> [Record extracts]
Content starts

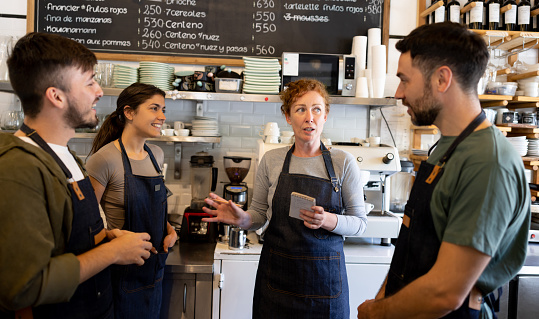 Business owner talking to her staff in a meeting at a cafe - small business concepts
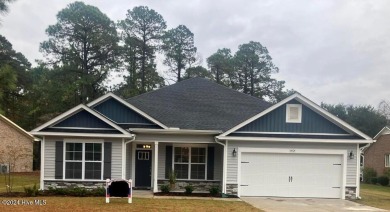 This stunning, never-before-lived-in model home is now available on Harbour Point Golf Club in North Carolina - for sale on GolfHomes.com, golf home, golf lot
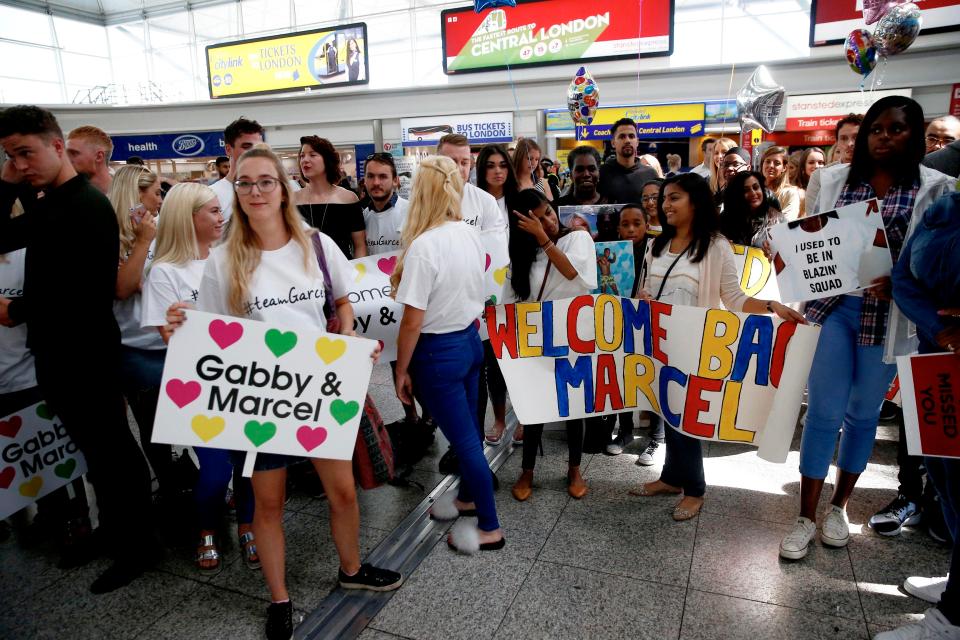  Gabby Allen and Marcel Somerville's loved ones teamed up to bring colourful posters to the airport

Content ends
Content starts

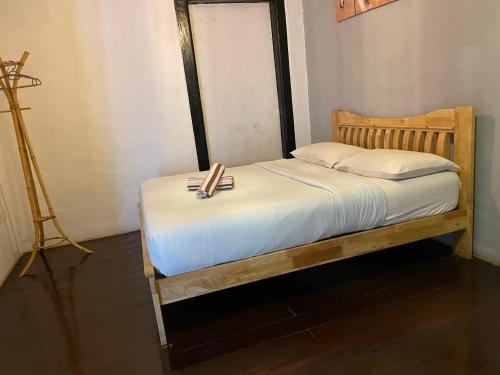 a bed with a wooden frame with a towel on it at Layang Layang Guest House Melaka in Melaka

Content ends

> [Activity]
Copy only what runs above from the line containing "This stunning, never-before-lived-in" through the line containing "Gabby Allen and", exactly. Leave out the pictures.

> [Your solution]
 This stunning, never-before-lived-in model home is now available on Harbour Point Golf Club in North Carolina - for sale on GolfHomes.com, golf home, golf lot
  Gabby Allen and Marcel Somerville's loved ones teamed up to bring colourful posters to the airport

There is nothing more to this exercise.